Could you return, exactly as written, every line from the one containing "Samsøe Samsøe Chemise Salasa en coton" through the last line of the entries below, leaving out the pictures?
= = = = =
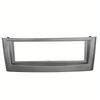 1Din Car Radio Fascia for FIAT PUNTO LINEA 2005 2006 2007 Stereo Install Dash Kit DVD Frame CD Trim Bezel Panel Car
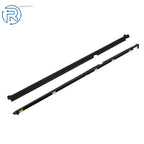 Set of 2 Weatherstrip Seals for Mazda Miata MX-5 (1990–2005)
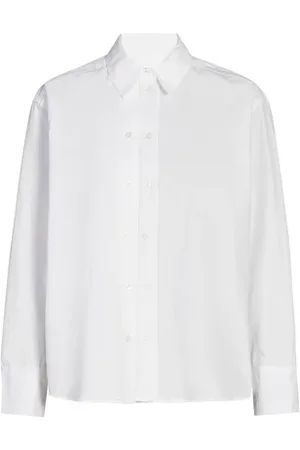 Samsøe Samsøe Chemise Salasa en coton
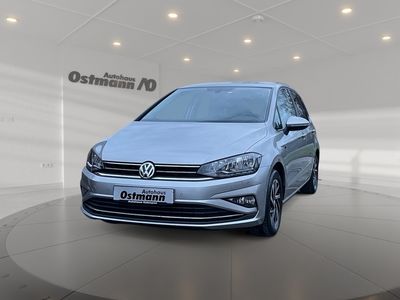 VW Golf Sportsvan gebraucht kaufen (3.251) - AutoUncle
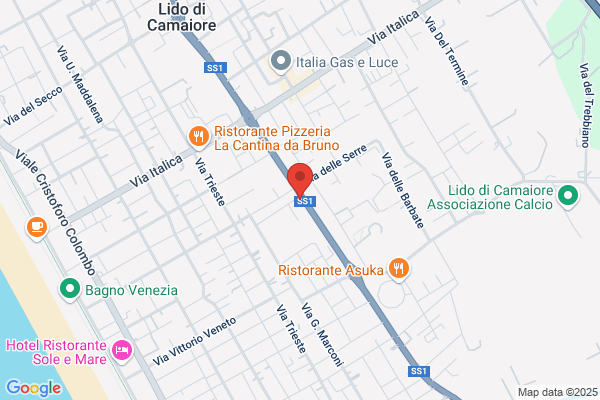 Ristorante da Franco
= = = = =
TASK ANSWER:
 Samsøe Samsøe Chemise Salasa en coton
 VW Golf Sportsvan gebraucht kaufen (3.251) - AutoUncle
 Ristorante da Franco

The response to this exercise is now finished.